Fred,
I want to thank you for your "Ellen Avery." (Oh the tragedy of trying, somehow adequately, to thank a poet for a poem!)
Do writers KNOW when their words cause shivery stirring? Do you know?
Many of your words, these only a very few, caused me such feelings:
"if familiarity were tolerance"
"dread a bit more his retirement"
"as if we were two grownups mumbling over a child"
"herself another piece of driftwood washed here on her husband's tide
in contrast to my own careful docking"
"a fading number tells her where she's from"
"when I start without a salutation I know that one's to me"

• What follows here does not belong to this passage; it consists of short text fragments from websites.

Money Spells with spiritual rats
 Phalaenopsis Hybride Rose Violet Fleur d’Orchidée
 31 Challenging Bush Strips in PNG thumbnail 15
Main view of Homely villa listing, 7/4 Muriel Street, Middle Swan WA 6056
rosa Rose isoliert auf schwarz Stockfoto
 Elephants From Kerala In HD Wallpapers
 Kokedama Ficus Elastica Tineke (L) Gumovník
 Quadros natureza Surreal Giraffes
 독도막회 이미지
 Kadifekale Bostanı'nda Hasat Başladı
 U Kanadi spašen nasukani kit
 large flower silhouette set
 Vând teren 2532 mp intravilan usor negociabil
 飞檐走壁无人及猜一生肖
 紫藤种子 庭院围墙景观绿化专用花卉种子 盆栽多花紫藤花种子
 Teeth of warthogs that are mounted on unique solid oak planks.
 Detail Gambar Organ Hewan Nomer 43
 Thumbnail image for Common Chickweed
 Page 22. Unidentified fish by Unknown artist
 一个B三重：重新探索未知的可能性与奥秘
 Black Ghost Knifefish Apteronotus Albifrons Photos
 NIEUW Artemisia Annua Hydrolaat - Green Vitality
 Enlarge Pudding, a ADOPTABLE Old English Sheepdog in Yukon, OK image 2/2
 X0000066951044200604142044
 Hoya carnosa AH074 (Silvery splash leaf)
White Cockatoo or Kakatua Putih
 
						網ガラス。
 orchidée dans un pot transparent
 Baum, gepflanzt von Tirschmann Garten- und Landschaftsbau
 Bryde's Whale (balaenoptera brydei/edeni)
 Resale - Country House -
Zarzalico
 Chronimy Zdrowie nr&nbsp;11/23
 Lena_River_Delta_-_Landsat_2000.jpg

Judy unable to find closing words or even her usual AKA's
--- Original Message -----
From: "Fred Pollack" <[log in to unmask]>
To: <[log in to unmask]>
Sent: Friday, July 01, 2005 6:25 PM
> -------------- Original message --------------
>
>> Missile-aneus thoughts, Fred:
>>
>> U R a celestial body orbiting (that's the first thought)
>>
>> Hav U done a dialog pome?
>>
>> (hav just come in from the f-----g 4th o Jooly traffic OY they're on killer
>> missions i wanna tell ya and all this to celebrate why we ain't Brits no mo!)
>> which leads to next thought:
>>
>> Hav U tried to open a beer with your nose? (just askin)
>>
>> I wanna see a Fred pome that equates power with women
>>
>> and I don't want U, Fred, to abandon your character-narration pome form (at
>> least not for the aforerequesteds)
>>
>> and, finally, watching firewerks from a sailboat is better than
>> ---------------(mebbe this assignment's too easy)
>>
>> Judy the celestial body
>>
> Why would I open a bottle of beer with my nose? Other members, perhaps, but not the nose.
> Some dialogue poems years back, but have no access to my files. Computer is on the blink. Am using a spare laptop from my wife's office.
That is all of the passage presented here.